Solomon Islands Officials: Chinese Companies Still See Opportunity in Tulagi

Chinese companies are continuing to look for investment opportunities on Tulagi, one of the Solomon Islands a Chinese company tried, and failed, to lease in its entirety several years ago, authorities say.

Once the capital of the Solomon Islands before that role was moved to Honiara on the island of Guadalcanal, Tulagi is now home to Central Province’s capital.

The small island drew attention in 2019 when details became public about a long-term deal made by provincial leaders leasing the entire island to a Chinese company. National officials quashed the deal, which had raised fears that the company intended to develop infrastructure that could be used for military purposes.

Polycarp Galaigu, Central Province’s premier who took office in July, told VOA Mandarin last month that Chinese companies remain interested in investing in his province despite the flip-flop.

“We try to contact other businessmen to come and do their investment here in Central Province. But for now, I cannot tell you which company,” Galaigu said.

Galaigu said that some of the inquiries are from Chinese companies. Most are seeking opportunities in the fishing and tourism sectors, he said.

Allan Siale, Central’s provincial secretary, told VOA on Aug. 12 that several Chinese companies are interested in investing in coconut processing, fishing and tourism in the province’s Russell Islands, while others want to build factories on Tulagi. One company is interested in building an oil refinery, he said.

Sam Group, the company that tried to lease Tulagi outright, is still interested in investing, according to government records, he said.

Based in Beijing, Sam Group is a technology, investment and energy conglomerate founded in 1985 that has business relations with Solomon Islands, Brazil, Paraguay, Singapore and other countries, according to its website.

Sam Group did not respond to VOA’s request for comment.

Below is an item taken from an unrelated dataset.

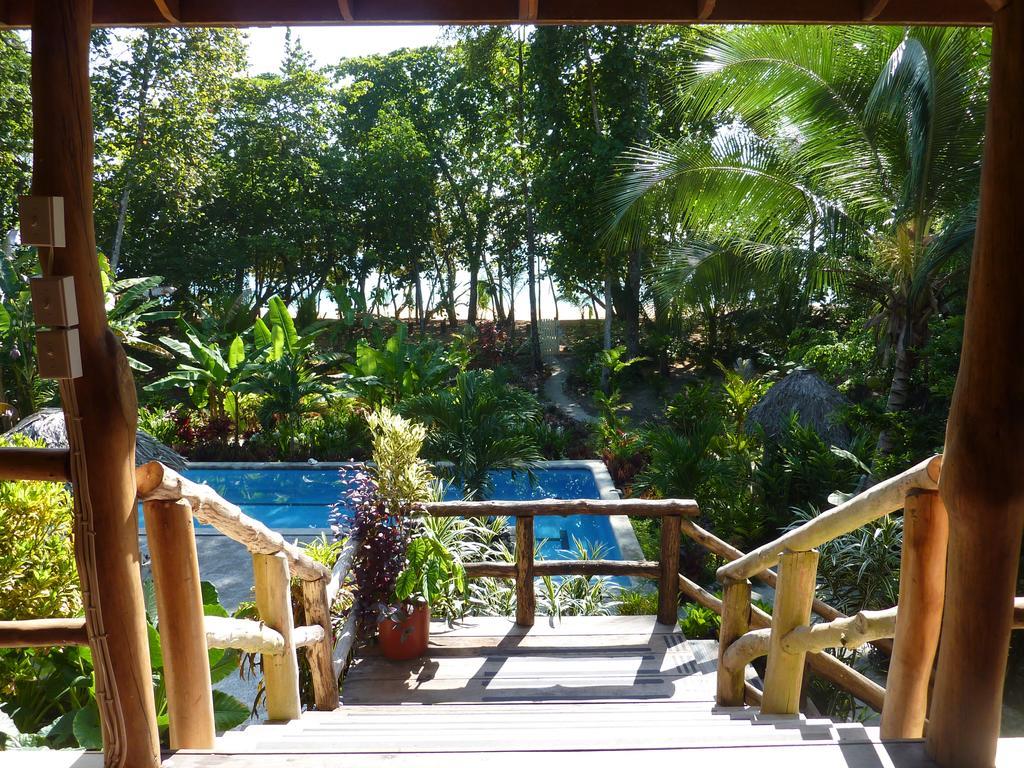 Bluff Beach Retreat Bocas Town Exterior photo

Siale said Sam Group’s 2019 offer to lease Tulagi failed in part because it was not approved by the Solomon Islands Foreign Investment Division.

Stanley Manetiva, the former Central Province premier who made the initial lease deal with Sam Group, told VOA Mandarin on August 12 that he felt deceived by the Chinese company. He said it failed to follow the protocol that required signatures from a representative from the Chinese government, the Solomon Islands government and the company.

Company representatives “just drafted a document agreement, and they wanted you to sign it,” said Manetiva, who stepped down in July after a no-confidence vote.

Siale said that based on the proposal, the Sam Group didn’t intend to install military-related infrastructure on Tulagi. The company wanted to develop the island’s economic infrastructure: the roads, the airstrip and the seaport. “For military strategic infrastructure, as far as we recall, the agreement doesn’t mention anything to that effect,” Siale said.

Michelle Lam, a former employee of state-owned China Harbour Engineering Company (CHEC) in Solomon Islands, told VOA Mandarin that the suspicion that China’s Sam Group intended to lease Tulagi with military intent was nothing more than an exaggerated speculation.

“The Solomon Islands will be a port (for China) to supplement supplies and will never be a military base,” Lam said.

Citing an unnamed representative of CHEC, Lam said that the Chinese government has banned Chinese state-owned companies from participating in any bidding or development projects on Tulagi and nearby islands after the controversial lease was canceled.

Neither CHEC nor the embassy of China in Solomon Islands responded to a VOA request for comment.

Prime Minister Manasseh Sogavare, who has rejected concerns that a security deal with China will jeopardize regional safety, told The Guardian this July that there will never be a Chinese military base in his country.

Central Province officials signed the “strategic cooperation agreement” with China’s Sam Group on Sept. 22, 2019, one day after Sogavare officially cut ties with self-governing Taiwan and established diplomatic relations with China, which considers Taiwan its territory.

Solomon Islands officials terminated the Central Province deal with Sam Group on Oct. 25, 2019, saying provincial authorities lacked the right to enter a 75-year agreement for Tulagi island, which features the kind of deep-water harbor attractive to naval forces.

“It is settled practice that all agreements involving the Solomon Islands government, which includes the provincial governments, must be vetted by the attorney-general before it is executed,” said a statement issued by Sogavare’s office pointing out the Central Province deal with Sam Group omitted that step.

At the time, then-U.S. Secretary of Defense Mark Esper applauded the veto, calling it “an important decision to reinforce sovereignty, transparency and the rule of law.”